The company appeared at Hendon Magistrates’ Court and pleaded guilty through its administrators to breaching s47 (1) of the Data Protection Act 1998.

The criminal prosecution related to the company’s failure to respond to an enforcement notice issued in May 2018, which ordered the company to respond in full to a subject access request submitted by Professor David Carroll, a US-based academic.

As well as the fine, the court also ordered the company to pay £6,000 costs and a victim surcharge of £170.

Elizabeth Denham, Information Commissioner, said:

“This prosecution, the first against Cambridge Analytica, is a warning that there are consequences for ignoring the law.

“Wherever you live in the world, if your data is being processed by a UK company, UK data protection laws apply.

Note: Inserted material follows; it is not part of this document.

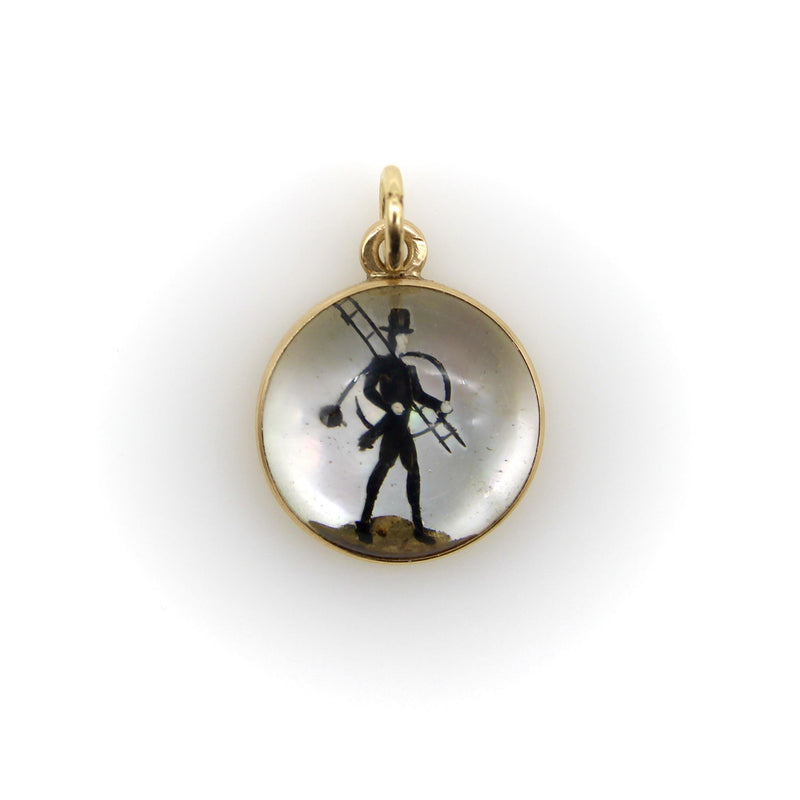 14K Gold Edwardian Essex Crystal Pendant of Chimney Sweep jewelry Kirsten's Corner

“Organisations that handle personal data must respect people’s legal privacy rights. Where that does not happen and companies ignore ICO enforcement notices, we will take action.”

 

For Background

  • Our investigation into Cambridge Analytica continues. We are currently working to analyse materials seized during the investigation.
  • In pleading guilty, the company has accepted it should have responded fully to Professor Carroll’s subject access request and the ICO’s notice in the first place.
  • Anyone who requests their personal information from a UK-based company or organisation is legally entitled to have that request answered, in full, under UK data protection law. This is called the right of subject access.
  • Cambridge Analytica provided Professor Carroll with a spreadsheet of information it held about him when he made his original request on 10 January 2017. But it did not provide the decision making process used to create it.
  • Where companies fail to meet their obligations, the ICO can issue an enforcement notice compelling them to do so. It’s a criminal offence not to comply with it. SCL Elections Ltd has been successfully prosecuted for offences under section 47 (1) of the Data Protection Act 1998
  • We have referred the company and its directors to the Insolvency Service.